Back-to-back Stanley Kramer movies—what was I thinking? It wasn’t a conscious decision, as I actually grabbed two discs more or less at random. At least, I didn’t realize at the time they shared the same director.
Many directors have a signature style, but I have trouble finding consistency across Kramer’s body of work. Here I am following up the epic comedy It’s A Mad Mad Mad Mad World with the turgid student unrest drama R.P.M. Then again, what did High Noon have to do with The 5000 Fingers of Dr. T?
R.P.M. stands for “revolutions per minute”. Here, it isn’t about turntable speeds, but about the social revolutions happening on college campuses across the country at the time. And, just like most other major studio pictures of the time that tried to tackle this subject, this is an overly-earnest and deeply unhip affair.
Remember that movie they were making in The Exorcist, the one about protestors on a college campus? This often felt like we were watching the finished version of the film they were shooting.
We’re not even through the opening credits when the first misstep happens. I know they couldn’t possibly license a Dylan song for this, but did they have to go with Melanie? “Brand New Key” Melanie? I don’t have any issue with Melanie, but I never would have chosen her to be the “voice of revolution”. Karen Carpenter may have been a bolder choice.

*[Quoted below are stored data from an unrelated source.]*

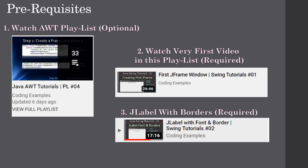This video uses JFrame window as well as JLabel with borders, so we would advise you to watch those two videos on this playlist. If you already know the concept of displaying the frame window and how to display a JLabel with border, you can skip watching those two videos. Otherwise we would advise you to watch those two first.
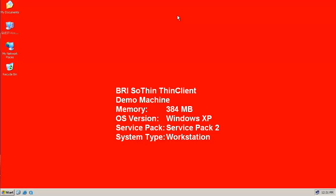During this video presentation, we are going to show you how we can repurpose an existing Windows XP professional machine into a fully secured ThinClient.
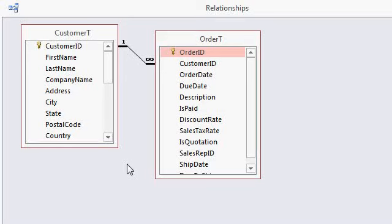Microsoft Access is a relational database, so you can set up relationships between different tables. For example, here is a one-to-many relationship between customers and orders. Each customer can have one or more orders associated with him.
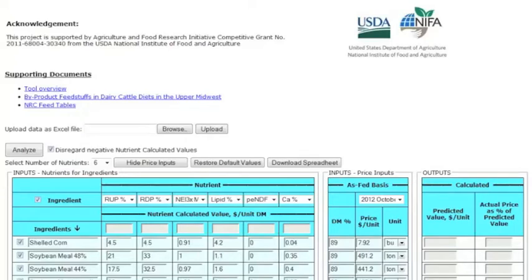FeedVal 2012 is a decision support tool designed to calculate the actual value of feed ingredients. But what does that mean?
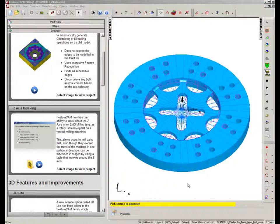A new option for FeatureCam is the ability to index about the z-axis when performing 2.5D milling operations. In the example we have here, we're going to be machining this large component on a machine that is 3-axis but has a rotary table attached to the top of the main table.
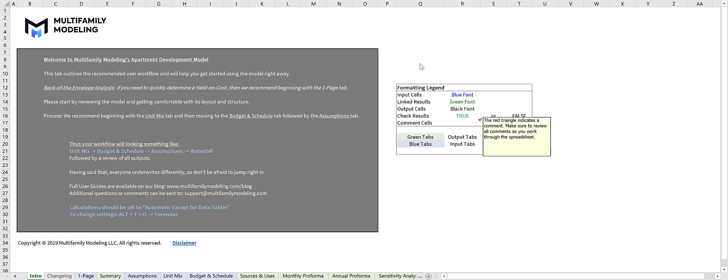In this video, we're going to take a quick tour of Multifamily Modeling's apartment development model. To start, the intro tab features a formatting legend to get you comfortable with the differences between fonts throughout the model. The blue tabs are where your inputs are located, and the green tabs are where your outputs are located.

Anthony Quinn plays a liberal professor who is the only college president the students will accept after they oust the old one. No surprise, but the students turn on him when he is unable to push through all of their demands. To be fair, Quinn plays his actual age and it often comes up in dialogue.
His co-star is Ann-Margret. I have seen her do well in other movies, so I am confused by how she barely phones it in here. She is Quinn’s lover and former student. She doesn’t exactly look too old to be in this May/December romance, but she acts like it, slinking around in a manner that is less “free-love hippy” and more “Vegas sexy”. It rings as false as every one of her line readings, all of which she delivers with dead eyes. It is a singularly bad performance.

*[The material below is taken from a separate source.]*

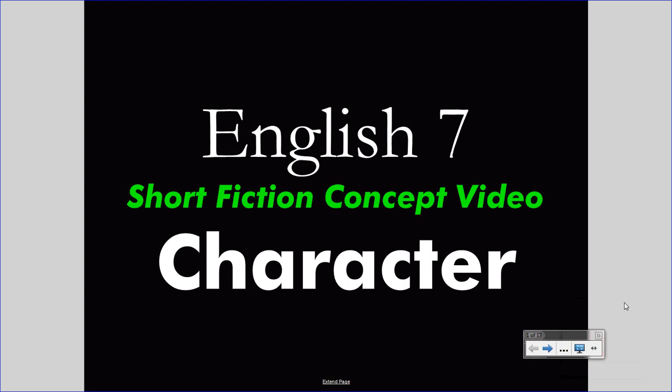Welcome to your English 7 concept video. This video takes the place of your class lecture, saving class time for valuable discussion. Treat this video as you would a class lecture. Pay attention carefully and take notes. If you wish, pause the video or rewind it to understand something you missed. Bring questions to class.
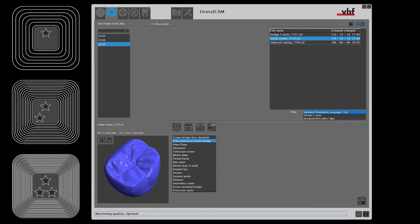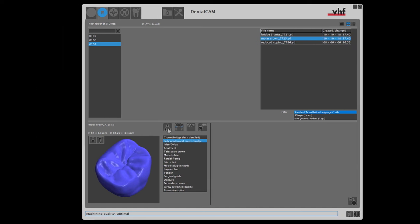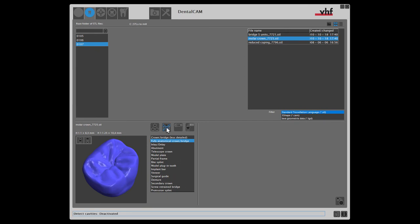The surface quality of the cavities is not affected by this setting. With this icon you can deactivate or activate the feature detect cavities. If we activate the feature detect cavities, the software will automatically detect the cavity of the crown, including the preparation line.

As for the dialogue, most of it is stock slogans peppered with cries like “right on!” Though stilted, some of the dialogue still has some snap to it, such as this exchange: “I remember him. He was black!” “George, he still is”
R.P.M. is a movie with its heart in the right place, but it misses the mark. On the surface, it demonstrates an intention to spark dialogues between generations, races and income brackets. Unfortunately, in this film about what happens when the anti-establishment becomes the establishment, it ends up feeling like another lecture about these kids nowadays.